Levels of research uncertainties
Well, thinking about what kind of uncertainties exist, I went to the rabbit hole of trying to systemize them into multiple levels. Here's what I came up with:
Known uncertainties - uncertainties about answers. these are what the community knows exist but we don’t have answers for
Foundational assumptions - uncertainties about questions/assumptions in a field. these uncertainties emerge out of questioning the foundational assumptions and result in a field.
Conceptual blind spots - uncertainties about what’s conceivable (beyond the current framework). these are uncertainties that exist but cannot be articulated within a field’s current paradigm
Domain boundaries - uncertainties about what constitutes a domain/boundary of a field of enquiry
Examples of the four levels of research uncertainties
Level 1 - Known uncertainties
How to achieve sample-efficient RL?
How to make LLMs more interpretable?
How to prevent catastrophic forgetting in continual learning?
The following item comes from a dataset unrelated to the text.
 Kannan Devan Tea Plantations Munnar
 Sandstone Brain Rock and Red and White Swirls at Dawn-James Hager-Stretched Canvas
Level 2 - Foundation assumptions
Is the scaling hypothesis correct? Under what circumstances does it fail? (This questions the basic assumption that "bigger models = better models")
Can we formulate a different objective function for language models other than auto-regressor next to completion? (This questions the dominant current pardigm of training models)
Should we optimize for reward maximization at all? (This questions the basic assumption of RL.)
Level 3 - Conceptual blind spots
Relationship between consciousness and intelligence. (Current ML theory is completely mechanistic)
Non-computational forms of intelligence. (We lack vocabulary for it)
Collective intelligence. What does the word 'collective' here even mean?
Level 4 - domain boundaries
AI-Human co-evolution studies:
Computational phenomenology: what it feels like to be in an AI
As you can see, the higher the level you go, the more impactful your research is going to be, but the less feasible that research could be because the uncertainty is going to just balloon up.
My sense is that one should look for the highest level you can make concrete progress on.
TLDR: Closing with a practical tip
I know that systematically mapping a whole subfield for weeks is often intractable, but when you get excited by an idea, it might be worth spending 30 minutes on answering following for your ideas:
Defining what certainty are you actually reducing here?
Has it been done before? Is it your personal uncertainty or a shared one?
Is it important and tractable?
The author, Paras Chopra, is founder and researcher at Lossfunk.